The task calls for the lines below from the line with "LEGO 562502 Paisley" to the line with "Admiral Vernon's Old J Spiced The Original", both ends included, copied exactly, without any pictures.
*** Opening of DATA UNDER STUDY ***
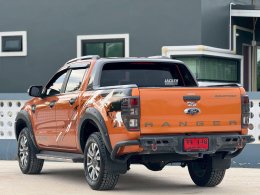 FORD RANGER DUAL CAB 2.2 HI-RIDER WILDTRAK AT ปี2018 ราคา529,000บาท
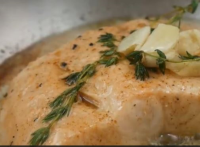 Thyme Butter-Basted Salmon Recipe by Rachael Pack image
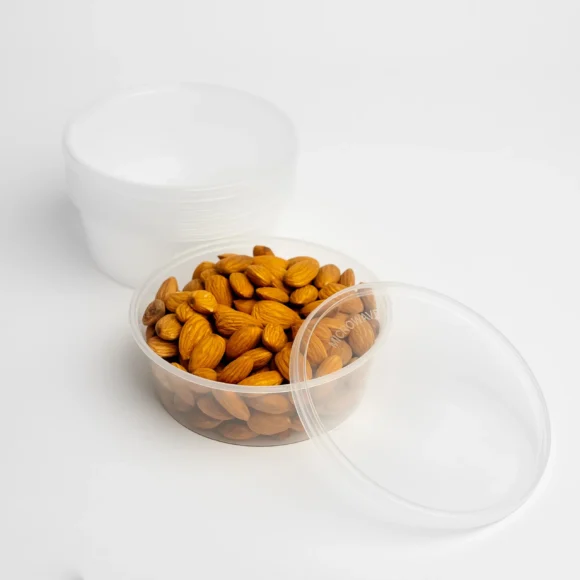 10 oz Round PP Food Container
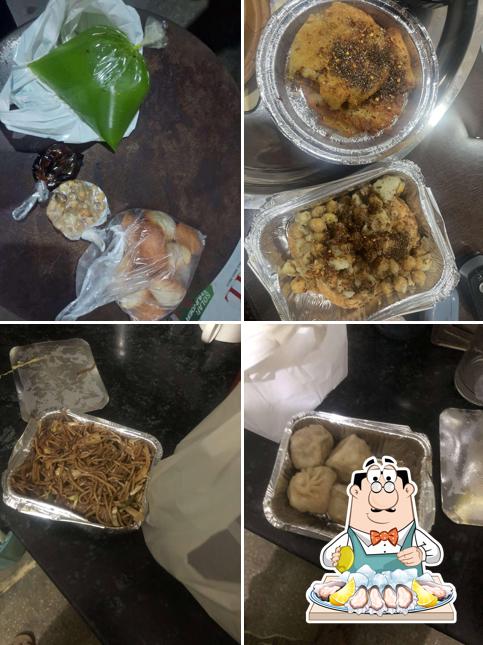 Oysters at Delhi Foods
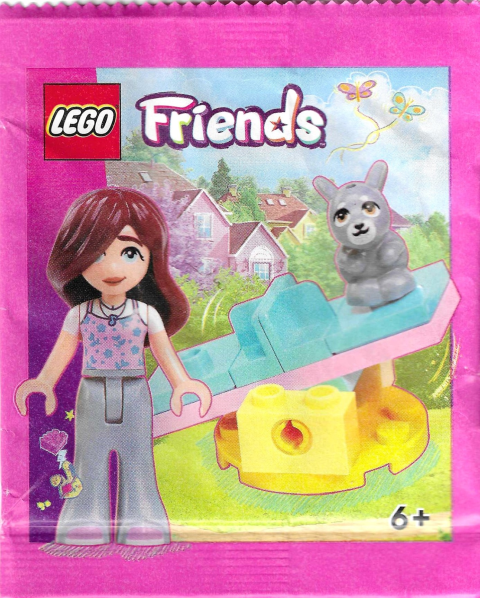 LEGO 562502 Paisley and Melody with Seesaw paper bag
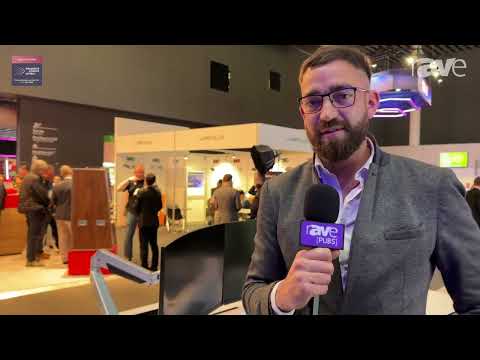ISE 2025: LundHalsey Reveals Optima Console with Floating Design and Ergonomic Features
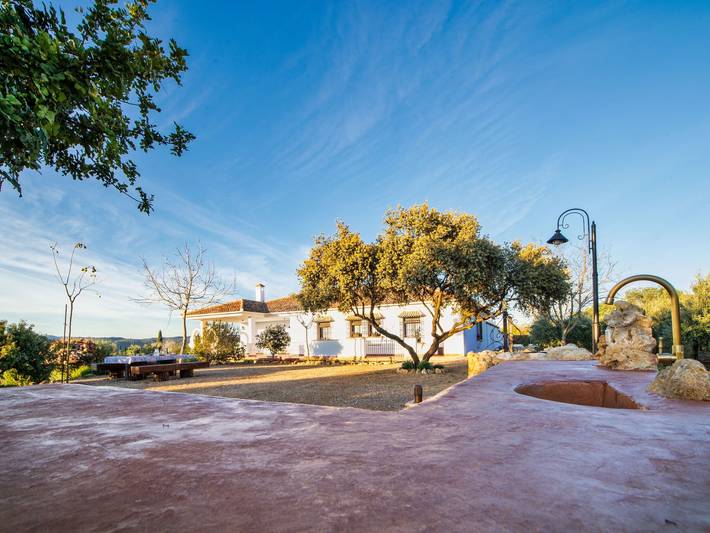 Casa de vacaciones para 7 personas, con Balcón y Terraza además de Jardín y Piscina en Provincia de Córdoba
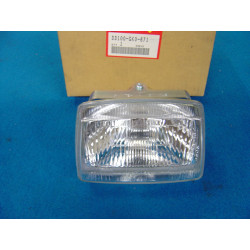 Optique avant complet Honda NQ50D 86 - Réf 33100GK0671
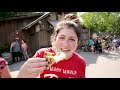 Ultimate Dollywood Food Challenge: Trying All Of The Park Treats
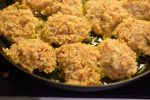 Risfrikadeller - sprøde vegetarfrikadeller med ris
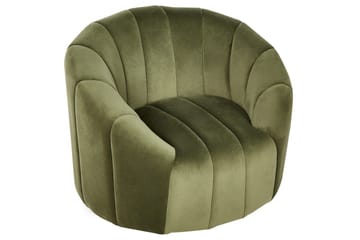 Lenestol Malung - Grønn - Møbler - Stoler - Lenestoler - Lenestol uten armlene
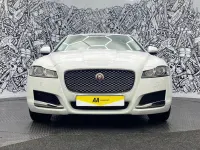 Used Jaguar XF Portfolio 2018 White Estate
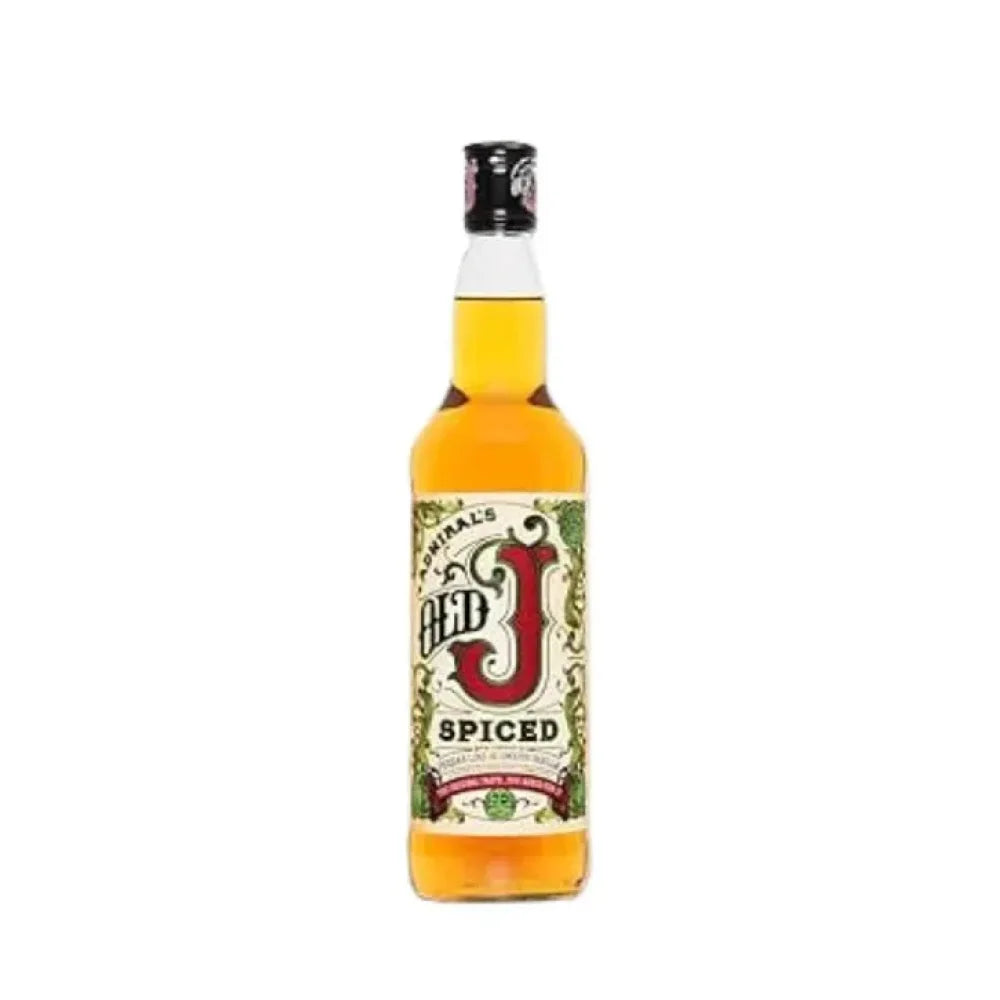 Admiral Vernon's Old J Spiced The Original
*** Close of DATA UNDER STUDY ***
*** Opening of DATA UNDER STUDY ***
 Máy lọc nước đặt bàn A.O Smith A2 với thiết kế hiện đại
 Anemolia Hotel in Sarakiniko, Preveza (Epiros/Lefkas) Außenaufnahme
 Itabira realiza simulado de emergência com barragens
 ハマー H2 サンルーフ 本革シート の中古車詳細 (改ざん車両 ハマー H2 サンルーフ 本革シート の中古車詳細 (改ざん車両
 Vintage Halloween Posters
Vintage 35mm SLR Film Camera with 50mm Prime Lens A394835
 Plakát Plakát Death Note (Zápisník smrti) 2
*** Close of DATA UNDER STUDY ***
- **COMPLETED TASK**:
 LEGO 562502 Paisley and Melody with Seesaw paper bag
ISE 2025: LundHalsey Reveals Optima Console with Floating Design and Ergonomic Features
 Casa de vacaciones para 7 personas, con Balcón y Terraza además de Jardín y Piscina en Provincia de Córdoba
 Optique avant complet Honda NQ50D 86 - Réf 33100GK0671
 Ultimate Dollywood Food Challenge: Trying All Of The Park Treats
 Risfrikadeller - sprøde vegetarfrikadeller med ris
 Lenestol Malung - Grønn - Møbler - Stoler - Lenestoler - Lenestol uten armlene
 Used Jaguar XF Portfolio 2018 White Estate
 Admiral Vernon's Old J Spiced The Original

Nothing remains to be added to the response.